Hoger beroep inzake partner- en kinderalimentatie na echtscheiding met betwisting van behoeftigheid en draagkracht

In deze zaak, behandeld door het Gerechtshof 's-Gravenhage op 28 september 2011, gaat het om een hoger beroep inzake de vaststelling van partner- en kinderalimentatie na een echtscheiding. De vrouw, verzoekster in hoger beroep, heeft de bestreden beschikking van de rechtbank 's-Gravenhage van 11 oktober 2010 aangevochten, waarin de man was vrijgesteld van het betalen van partneralimentatie en een lagere kinderalimentatie was vastgesteld. De vrouw verzoekt het hof om de kinderalimentatie met ingang van de inschrijving van de echtscheidingsbeschikking op € 950,- per maand vast te stellen en de partneralimentatie op € 7.500,- per maand. De man, verweerder in hoger beroep, betwist de behoeftigheid van de vrouw en stelt dat hij niet in staat is om de verzochte alimentatie te betalen, gezien zijn lagere inkomen na een reorganisatie en beëindiging van zijn arbeidsovereenkomst.

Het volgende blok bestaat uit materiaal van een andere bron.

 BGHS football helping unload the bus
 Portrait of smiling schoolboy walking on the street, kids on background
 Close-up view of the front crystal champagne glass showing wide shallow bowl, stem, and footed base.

Tijdens de mondelinge behandeling op 9 juni 2011 is de man niet verschenen, terwijl de vrouw en haar advocaat wel aanwezig waren. Het hof heeft vastgesteld dat de echtscheidingsbeschikking op 19 januari 2011 is ingeschreven. De vrouw heeft haar verzoek tot alimentatie onderbouwd met argumenten over de behoefte van de minderjarige en haar eigen financiële situatie. De man heeft echter betwist dat de vrouw niet in haar eigen levensonderhoud kan voorzien en heeft zijn eigen financiële situatie toegelicht, inclusief zijn ontslagvergoeding en huidige inkomen in Vietnam.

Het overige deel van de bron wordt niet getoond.